▶ **Exercise requirements**
Retype the whole listing below exactly, keeping every picture out of it.

──────

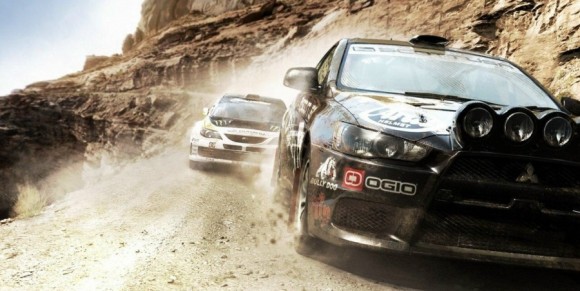 DiRT 2 da oggi in demo su Xbox Live e PSN - video DiRT 2 da oggi in demo su Xbox Live e PSN - video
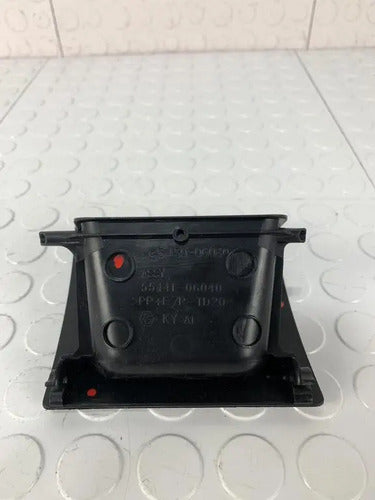 Tapa Cubierta Monedas Toyota Camry 2012-2014 3.5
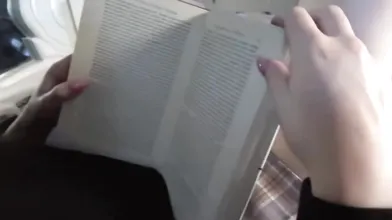 No Panties Is An Open Invite - Kylie Quinn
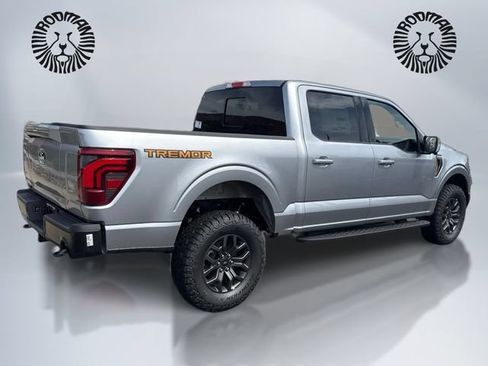 New 2026 Ford F150 Tremor w/ Equipment Group 402A High AWD/4WD image 6
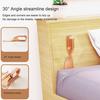 2Pcs Bed Maker Mattress Lifter Bed Sheet Tucker Tool Labor Saving Easy Sheet Mattress Organizer Riser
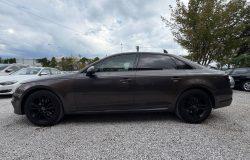 AUDI A4 2017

──────

▶ **Output below**
 DiRT 2 da oggi in demo su Xbox Live e PSN - video DiRT 2 da oggi in demo su Xbox Live e PSN - video
 Tapa Cubierta Monedas Toyota Camry 2012-2014 3.5
 No Panties Is An Open Invite - Kylie Quinn
 New 2026 Ford F150 Tremor w/ Equipment Group 402A High AWD/4WD image 6
 2Pcs Bed Maker Mattress Lifter Bed Sheet Tucker Tool Labor Saving Easy Sheet Mattress Organizer Riser
 AUDI A4 2017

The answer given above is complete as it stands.